La semana que acaba de extinguirse tenía que ser, a priori, sin distinción de religión o creencia, un tiempo de reflexión, de calma, de regocijo, de ocio, de sueños cumplidos y de cercanía con los seres queridos. Tuvo que ser –sobre todo– un espacio de paz y vida, pero –más allá de los protocolarios balances de movilidad, de economías circulares y de gremios comerciales– lo cierto es que ese deseo no se cumplió para nada en algunas regiones del país.
Colombia, un país que históricamente no ha podido acabar con el mal enquistado de la violencia, vivió nuevamente una serie de días recubiertos, como en sus peores épocas, de explosiones, hostigamientos a estaciones de policía y de reportes de fallecimientos de vidas inocentes.
Uno de los hechos más dolorosos se registró frente al puesto de Policía de La Plata, en el departamento del Huila, en donde la activación de una moto cargada con explosivos acabó con la vida de dos jóvenes hermanos, de 17 y 19 años, y dejó más de treinta personas heridas.
La misma suerte corrió Esther Julia Camayo, una humilde productora de café que residía en zona rural de Mondomo, Cauca, cuando fue alcanzada por la furia de otro artefacto explosivo.
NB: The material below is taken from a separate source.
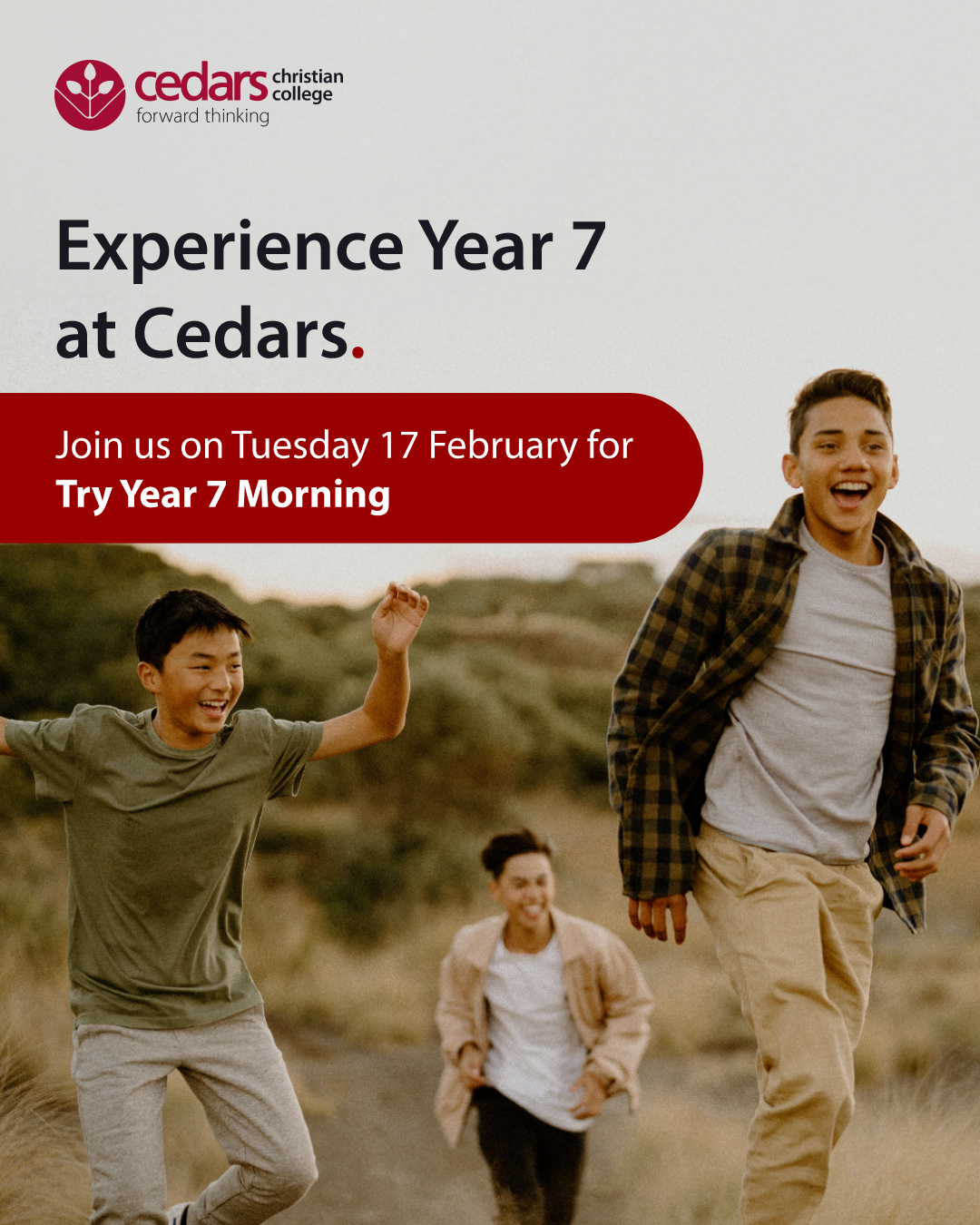 CEDARS CHRISTIAN COLLEGE - Try Year 7 Morning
Además, Míller Balanta Molina, un operario de compañía energética, en Santander de Quilichao, también fue víctima de esta escalada de violencia llevada a cabo por integrantes de las disidencias de ‘Iván Mordisco’, el principal enemigo del gobierno de Gustavo Petro.
Pero no solo civiles fueron blanco, directamente o indirectamente, de las criminales decisiones de los grupos armados al margen de la ley. Andrés David Padilla Mejía, un policía de 28 años, fue asesinado por hombres armados cuando se desarrollaba la celebración de la procesión por el Sábado Santo en Lourdes, en Norte de Santander. En este caso, el Ejército de Liberación Nacional, ELN, sería el responsable.
Por su parte, el Clan del Golfo, la mayor organización criminal del país, tampoco le interesó mucho frenar sus condenables acciones en la semana mayor. Integrantes del EGC persiguieron hasta matarlo al policía barranquillero Jorge Luis García Meza, quien fue asesinado el sábado en el municipio de Chigorodó, en el departamento de Antioquia.
En otras palabras, la semana, de santa tuvo poco o nada. Los tres principales grupos ilegales del país, que en menor o mayor proyección han tenido acercamientos de paz con el Ejecutivo, no frenaron sus maquinarias del mal y han seguido engordando los horrendos números de violencia en el país sin que el Estado ejerza del todo acciones concretas para ponerles freno.
Hay que ser justos. La problemática actual de criminalidad es de vieja data y de varios gobiernos. No es un tema exclusivo del gobierno de Gustavo Petro; sin embargo, eso no exime al actual Ejecutivo de la responsabilidad.
Las políticas de seguridad del hoy presidente, agrupadas en el proyecto de paz total, han carecido de dientes, de formas, de mecanismos y de resultados, sobre todo en este aspecto, para empezar a ganarles el pulso a las organizaciones alzadas en armas, que en los últimos años, de acuerdo con cifras de la Defensoría del Pueblo, han seguido ganando terreno para consolidar sus rentas del narcotráfico.
El Estado colombiano ha seguido fallando más allá del discurso social. Y, hasta ahora, sus políticas siguen lejos de un cambio real.
En este sentido, el general (r) Pedro Sánchez, ministro de Defensa, aseguró que las Fuerzas Militares están actuando con toda su capacidad para intentar restablecer el orden. Además, ha elevado millonarias sumas como recompensa para quien entregue información que permita dar con el paradero de los responsables. No obstante, las estrategias en mención no calan del todo en la ciudadanía, que sigue manteniendo la percepción de que la inseguridad en el país está desbordada.
Los muertos no pueden ser solo números. No pueden quedarse en registros de nuevos ataques de ilegales. No debe haber impunidad. Y, sobre todo, estos hechos en mención no deben naturalizarse ni convertirse en paisaje. La semana estuvo lejos de ser santa.